Alpine Downhill (ISO 5355)
If you are just using standard alpine downhill boots like the majority of people, then you will want to use compatible Alpine Downhill bindings. Standard Alpine Downhill soles are referred to as ISO 5355’s and are compatible with the standard regular binding that you see on the mountain. If you are not wanting touring bindings or boots then these are the go to. If you are skiing regular downhill runs then these are the binding compatibility that you want.
TOUR BINDINGS (ISO 9523)
Tour bindings are specifically designed for walking uphill with the use of ski skins and are made to help you with backcountry skiing. These bindings are compatible with boots that use rockered or touring soled boots which use the terminology of ISO 9523. These do not work with standard alpine boots (ISO 5355) so make sure not to use these bindings if you are using if you’re using standard alpine downhill boots.
Tech Bindings
Tech bindings are relatively new tour bindings that feature a series of pins that interface with the ‘tech inserts’ in the toes and heels of compatible boots. The advantages of this is they are extremely lightweight, but they do require a compatible boot.
Walk To Ride (WTR)
WTR-designated bindings are compatible and specifically designed for WTR ski boots.
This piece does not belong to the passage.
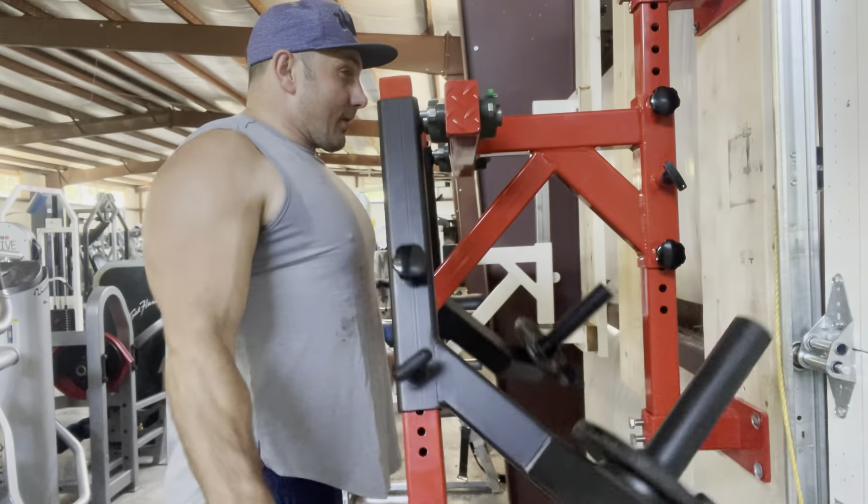It's very adjustable but very solid, and the strength curve on this is excellent — it kind of gets easier at the very top, which is what you want. So it's another cool lateral raise machine added to the arsenal to play around with.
However, some traditional alpine boots (ISO 5355) are also compatible with these bindings. There are some newer models of WTR bindings that are compatible with all three standards of boots – WTR, ISO 5355 and ISO 9523.
MNC (Multi Norm Compatibility)
These bindings are compatible with all three different ski boots – WTR, ISO 5355 and ISO 9523.
TELEMARK BINDINGS
This section is to help those looking for telemark bindings to narrow down their search. Telemark bindings are bindings that only clip in the toe of your boot and let the heel flex and lift during turns. This allows for a new experience of skiing. If you are looking for regular ski equipment, ignore this section.
CROSS-COUNTRY BINDINGS
This section is to help those looking for cross-country bindings to narrow down their search. Cross-country bindings are bindings that only clip in the toe of your boot and are specifically designed for trail skiing or long distance/uphill skiing. If you are looking for regular ski equipment, ignore this section.
BRAKES
All ski bindings are required to have safety brakes. Safety brakes come in many different widths and are often replaceable. When purchasing safety brakes for your skis, make sure that the safety brake width (the distance between the two brake arms) is at least as wide as the waist of the ski you intend to put it on. For example, if your skis are 90mm wide at the waist, you will need bindings with a brake width of at least 90mm and no wider than 105mm. Please note, most ski bindings do not come with safety brakes and they will need to be purchased separately.